> Instructions to follow
From top to bottom, return the records that follow exactly.

> Extracted information
______
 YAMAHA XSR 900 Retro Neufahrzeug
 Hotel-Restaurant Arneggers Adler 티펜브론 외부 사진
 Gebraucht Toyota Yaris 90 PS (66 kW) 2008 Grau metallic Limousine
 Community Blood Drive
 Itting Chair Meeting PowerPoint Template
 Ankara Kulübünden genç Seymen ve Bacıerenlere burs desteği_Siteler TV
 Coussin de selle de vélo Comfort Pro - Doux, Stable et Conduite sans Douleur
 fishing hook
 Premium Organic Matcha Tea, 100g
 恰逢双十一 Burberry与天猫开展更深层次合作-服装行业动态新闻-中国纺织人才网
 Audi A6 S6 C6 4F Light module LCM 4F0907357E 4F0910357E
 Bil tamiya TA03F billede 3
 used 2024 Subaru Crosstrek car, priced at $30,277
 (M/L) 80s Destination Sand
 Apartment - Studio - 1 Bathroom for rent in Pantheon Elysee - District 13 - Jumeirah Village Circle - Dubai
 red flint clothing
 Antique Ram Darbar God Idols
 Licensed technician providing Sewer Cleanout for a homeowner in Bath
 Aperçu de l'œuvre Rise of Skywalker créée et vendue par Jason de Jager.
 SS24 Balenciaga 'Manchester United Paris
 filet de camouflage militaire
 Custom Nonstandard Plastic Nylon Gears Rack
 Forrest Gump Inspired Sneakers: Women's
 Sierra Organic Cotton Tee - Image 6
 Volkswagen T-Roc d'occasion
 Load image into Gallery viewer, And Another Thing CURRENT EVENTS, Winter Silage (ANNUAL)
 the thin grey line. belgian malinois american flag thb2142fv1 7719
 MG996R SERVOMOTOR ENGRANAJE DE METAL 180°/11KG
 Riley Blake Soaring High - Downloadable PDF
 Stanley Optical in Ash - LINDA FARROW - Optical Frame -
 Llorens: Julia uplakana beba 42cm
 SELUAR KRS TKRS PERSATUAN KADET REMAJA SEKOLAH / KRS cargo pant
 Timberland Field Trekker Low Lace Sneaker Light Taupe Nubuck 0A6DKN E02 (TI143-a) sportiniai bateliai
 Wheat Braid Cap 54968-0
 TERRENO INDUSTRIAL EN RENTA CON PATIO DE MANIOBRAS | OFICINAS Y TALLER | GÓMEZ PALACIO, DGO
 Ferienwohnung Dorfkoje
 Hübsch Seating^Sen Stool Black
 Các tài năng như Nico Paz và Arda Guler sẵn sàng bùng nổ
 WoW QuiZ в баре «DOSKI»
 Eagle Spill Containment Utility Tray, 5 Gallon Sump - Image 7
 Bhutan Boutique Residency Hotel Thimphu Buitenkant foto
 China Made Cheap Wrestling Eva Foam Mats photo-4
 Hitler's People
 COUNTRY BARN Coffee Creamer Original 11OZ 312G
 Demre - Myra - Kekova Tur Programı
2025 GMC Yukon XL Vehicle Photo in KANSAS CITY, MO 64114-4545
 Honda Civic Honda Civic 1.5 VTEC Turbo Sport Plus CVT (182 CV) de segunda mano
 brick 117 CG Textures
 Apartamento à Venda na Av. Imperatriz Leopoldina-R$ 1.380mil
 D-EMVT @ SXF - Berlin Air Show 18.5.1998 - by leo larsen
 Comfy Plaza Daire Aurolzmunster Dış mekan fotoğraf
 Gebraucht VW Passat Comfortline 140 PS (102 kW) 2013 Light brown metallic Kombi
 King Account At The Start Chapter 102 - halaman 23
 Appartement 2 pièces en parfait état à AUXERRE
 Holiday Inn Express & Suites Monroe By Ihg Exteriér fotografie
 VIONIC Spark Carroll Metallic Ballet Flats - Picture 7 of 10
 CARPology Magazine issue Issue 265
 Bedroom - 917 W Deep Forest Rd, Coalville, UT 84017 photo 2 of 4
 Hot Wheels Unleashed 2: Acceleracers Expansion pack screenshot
______
> Answer for the task
 YAMAHA XSR 900 Retro Neufahrzeug
 Hotel-Restaurant Arneggers Adler 티펜브론 외부 사진
 Gebraucht Toyota Yaris 90 PS (66 kW) 2008 Grau metallic Limousine
 Community Blood Drive
 Itting Chair Meeting PowerPoint Template
 Ankara Kulübünden genç Seymen ve Bacıerenlere burs desteği_Siteler TV
 Coussin de selle de vélo Comfort Pro - Doux, Stable et Conduite sans Douleur
 fishing hook
 Premium Organic Matcha Tea, 100g
 恰逢双十一 Burberry与天猫开展更深层次合作-服装行业动态新闻-中国纺织人才网
 Audi A6 S6 C6 4F Light module LCM 4F0907357E 4F0910357E
 Bil tamiya TA03F billede 3
 used 2024 Subaru Crosstrek car, priced at $30,277
 (M/L) 80s Destination Sand
 Apartment - Studio - 1 Bathroom for rent in Pantheon Elysee - District 13 - Jumeirah Village Circle - Dubai
 red flint clothing
 Antique Ram Darbar God Idols
 Licensed technician providing Sewer Cleanout for a homeowner in Bath
 Aperçu de l'œuvre Rise of Skywalker créée et vendue par Jason de Jager.
 SS24 Balenciaga 'Manchester United Paris
 filet de camouflage militaire
 Custom Nonstandard Plastic Nylon Gears Rack
 Forrest Gump Inspired Sneakers: Women's
 Sierra Organic Cotton Tee - Image 6
 Volkswagen T-Roc d'occasion
 Load image into Gallery viewer, And Another Thing CURRENT EVENTS, Winter Silage (ANNUAL)
 the thin grey line. belgian malinois american flag thb2142fv1 7719
 MG996R SERVOMOTOR ENGRANAJE DE METAL 180°/11KG
 Riley Blake Soaring High - Downloadable PDF
 Stanley Optical in Ash - LINDA FARROW - Optical Frame -
 Llorens: Julia uplakana beba 42cm
 SELUAR KRS TKRS PERSATUAN KADET REMAJA SEKOLAH / KRS cargo pant
 Timberland Field Trekker Low Lace Sneaker Light Taupe Nubuck 0A6DKN E02 (TI143-a) sportiniai bateliai
 Wheat Braid Cap 54968-0
 TERRENO INDUSTRIAL EN RENTA CON PATIO DE MANIOBRAS | OFICINAS Y TALLER | GÓMEZ PALACIO, DGO
 Ferienwohnung Dorfkoje
 Hübsch Seating^Sen Stool Black
 Các tài năng như Nico Paz và Arda Guler sẵn sàng bùng nổ
 WoW QuiZ в баре «DOSKI»
 Eagle Spill Containment Utility Tray, 5 Gallon Sump - Image 7
 Bhutan Boutique Residency Hotel Thimphu Buitenkant foto
 China Made Cheap Wrestling Eva Foam Mats photo-4
 Hitler's People
 COUNTRY BARN Coffee Creamer Original 11OZ 312G
 Demre - Myra - Kekova Tur Programı
2025 GMC Yukon XL Vehicle Photo in KANSAS CITY, MO 64114-4545
 Honda Civic Honda Civic 1.5 VTEC Turbo Sport Plus CVT (182 CV) de segunda mano
 brick 117 CG Textures
 Apartamento à Venda na Av. Imperatriz Leopoldina-R$ 1.380mil
 D-EMVT @ SXF - Berlin Air Show 18.5.1998 - by leo larsen
 Comfy Plaza Daire Aurolzmunster Dış mekan fotoğraf
 Gebraucht VW Passat Comfortline 140 PS (102 kW) 2013 Light brown metallic Kombi
 King Account At The Start Chapter 102 - halaman 23
 Appartement 2 pièces en parfait état à AUXERRE
 Holiday Inn Express & Suites Monroe By Ihg Exteriér fotografie
 VIONIC Spark Carroll Metallic Ballet Flats - Picture 7 of 10
 CARPology Magazine issue Issue 265
 Bedroom - 917 W Deep Forest Rd, Coalville, UT 84017 photo 2 of 4
 Hot Wheels Unleashed 2: Acceleracers Expansion pack screenshot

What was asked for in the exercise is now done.